Doodling in math: Spirals, Fibonacci, and being a plant [2 of 3]
- Say you're me and you're in math class
- and you're doodling a flowery petaly things,
- if you want something with lots of overlapping petals
- you're probably following a loose sort of rule
- that goes something like this:
- Add new petals where there are gaps between old petals.
- You can try doing this precisely starting with
- some number of petals, say 5,
- then add another layer in between.
- But in the next layer you have to add 10,
- and the next has 20.
- The inconvenient part of this is that
- you have to finish a layer before everything is even.

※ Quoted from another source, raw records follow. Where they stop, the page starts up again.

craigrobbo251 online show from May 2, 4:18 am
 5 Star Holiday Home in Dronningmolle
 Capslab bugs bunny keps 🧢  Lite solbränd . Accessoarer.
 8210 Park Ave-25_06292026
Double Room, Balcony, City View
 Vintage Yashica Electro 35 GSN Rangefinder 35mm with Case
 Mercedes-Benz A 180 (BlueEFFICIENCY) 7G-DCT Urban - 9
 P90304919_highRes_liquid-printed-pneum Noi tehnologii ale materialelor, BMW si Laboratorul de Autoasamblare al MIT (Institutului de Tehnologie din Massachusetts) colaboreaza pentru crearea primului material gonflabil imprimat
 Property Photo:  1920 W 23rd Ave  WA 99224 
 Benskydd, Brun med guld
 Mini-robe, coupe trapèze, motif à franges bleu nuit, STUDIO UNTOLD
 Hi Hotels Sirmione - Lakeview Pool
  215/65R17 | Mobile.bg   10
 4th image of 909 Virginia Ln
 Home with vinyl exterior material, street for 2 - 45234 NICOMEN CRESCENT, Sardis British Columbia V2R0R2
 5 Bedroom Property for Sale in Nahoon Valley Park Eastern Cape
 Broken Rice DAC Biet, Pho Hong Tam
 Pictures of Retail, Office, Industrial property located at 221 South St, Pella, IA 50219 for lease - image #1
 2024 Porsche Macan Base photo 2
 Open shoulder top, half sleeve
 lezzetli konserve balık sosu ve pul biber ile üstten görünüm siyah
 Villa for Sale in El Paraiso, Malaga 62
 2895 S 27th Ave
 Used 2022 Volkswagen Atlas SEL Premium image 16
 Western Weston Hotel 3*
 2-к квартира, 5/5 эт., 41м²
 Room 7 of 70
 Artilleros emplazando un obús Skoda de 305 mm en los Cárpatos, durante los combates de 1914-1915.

- Ideally you'd have a rule that just let's you add petals
- until you get bored.
- Now imagine you're a plant and
- you want to grow in a way that spreads out your leaves
- to catch the most possible sunlight.
- Unfortunately, and I hope I'm not presuming too much
- in thinking that, as a plant, you're not very smart.
- You don't know how to add numbers to create a series,
- you don't know geometry and proportions,
- and can't draw spirals or rectangles, or slug cats,
- but maybe you could follow one simple rule.
- Botanists have noticed that plants
- seem to be fairly consistent, when it comes to
- the angle between one leaf and the next.
- So let's see what you could do with that.
- So you grow your first leaf
- and if you didn't change angle at all,
- then the next leaf you grow would directly above it.
- So that's no good because
- it blocks out all the light, or something.
- You can go 180 degrees,
- to have the next leaf directly opposite, which seems ideal.
- Only once you go 180 again
- the third leaf is right over the first.
- In fact, any fraction of a circle,
- with a whole number as a base, is going to have
- complete overlap, after that number of turns.
- And unlike when you're doodling, as a plant
- you're not smart enough to see
- you've gone all the way around and
- should now switch to adding things in between.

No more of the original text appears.